▸ **The problem**
Using the entries that follow, transcribe only the lines from the line with "2691 Tucson Way, Powder" to the line with "Women and Worship at Corinth", both included, exactly as they stand and without pictures.

▸ **Data**
*****
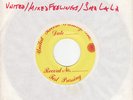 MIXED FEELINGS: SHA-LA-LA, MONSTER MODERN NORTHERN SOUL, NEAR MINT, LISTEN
*****
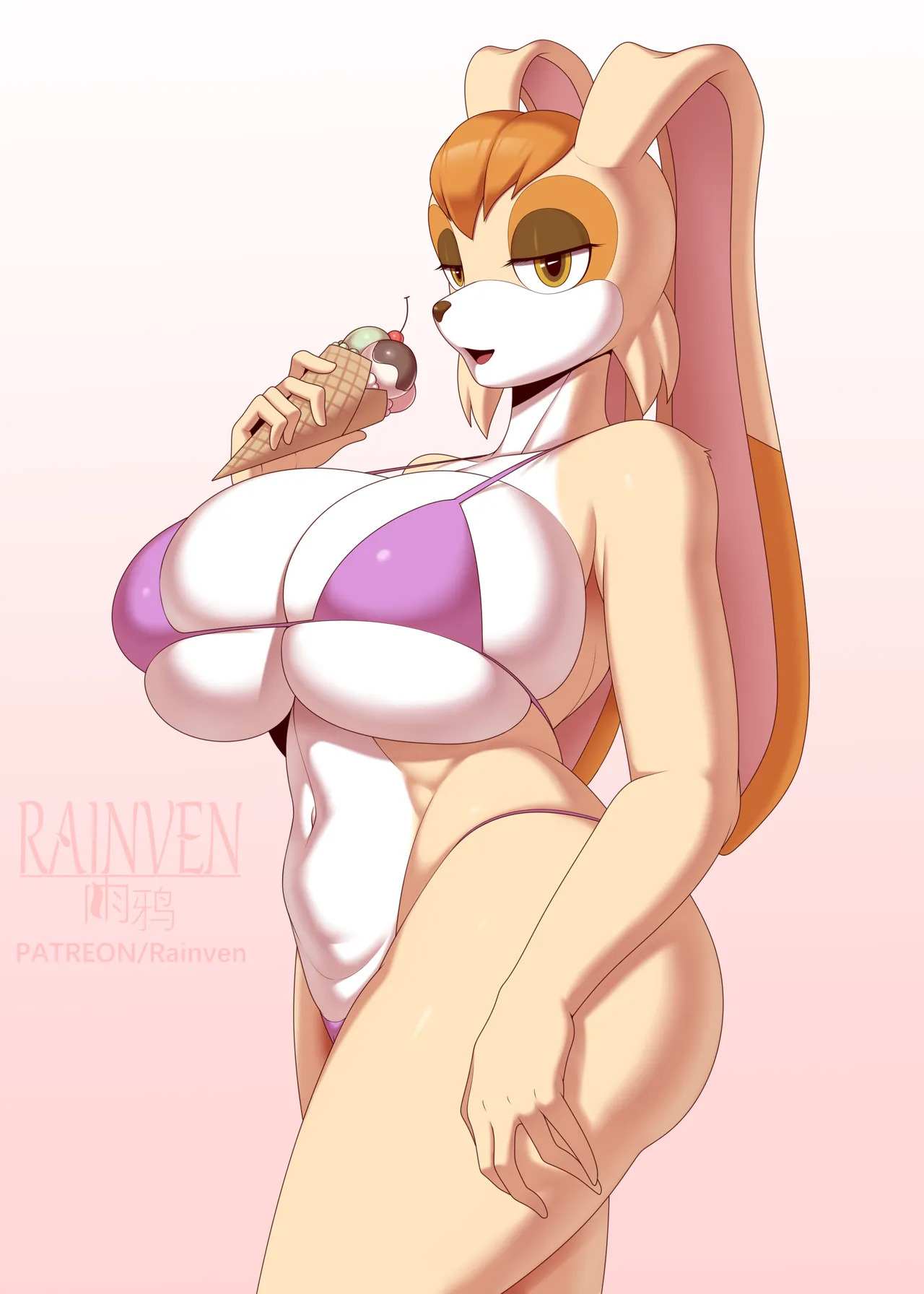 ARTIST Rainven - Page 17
*****
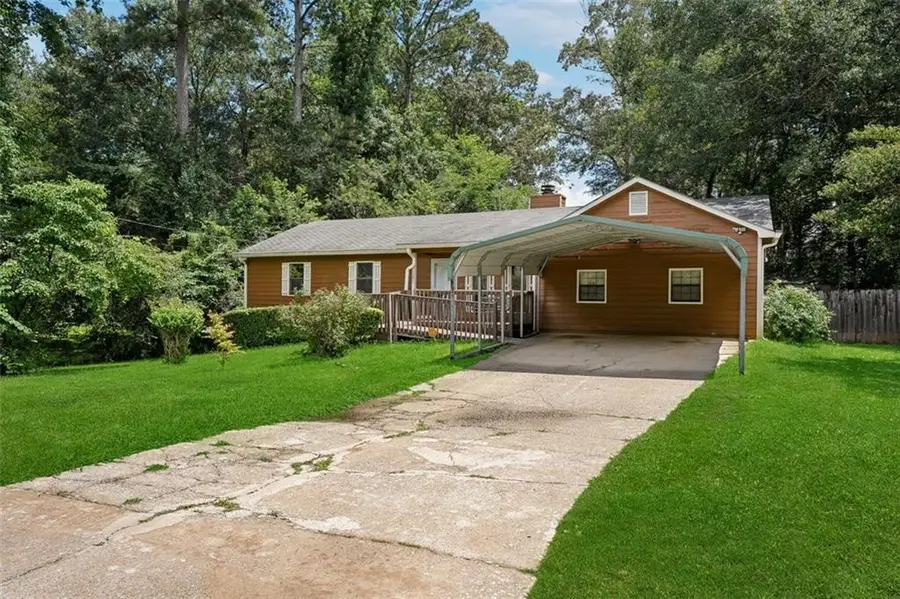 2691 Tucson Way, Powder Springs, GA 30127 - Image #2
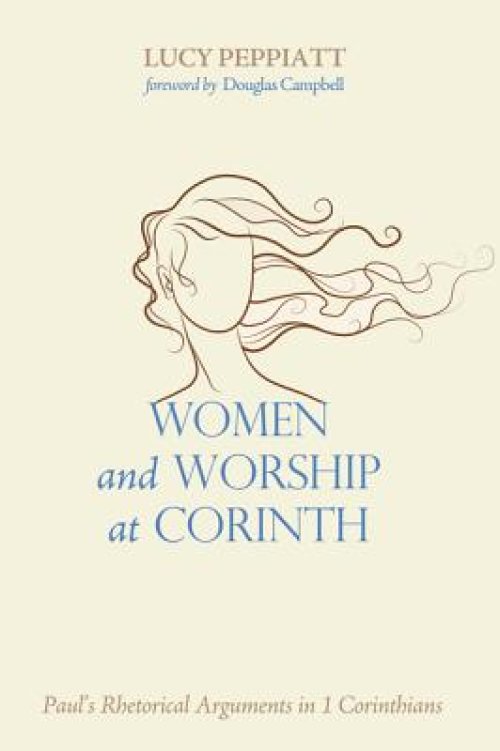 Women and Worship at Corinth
*****
▸ **Answer for the task**
 2691 Tucson Way, Powder Springs, GA 30127 - Image #2
 Women and Worship at Corinth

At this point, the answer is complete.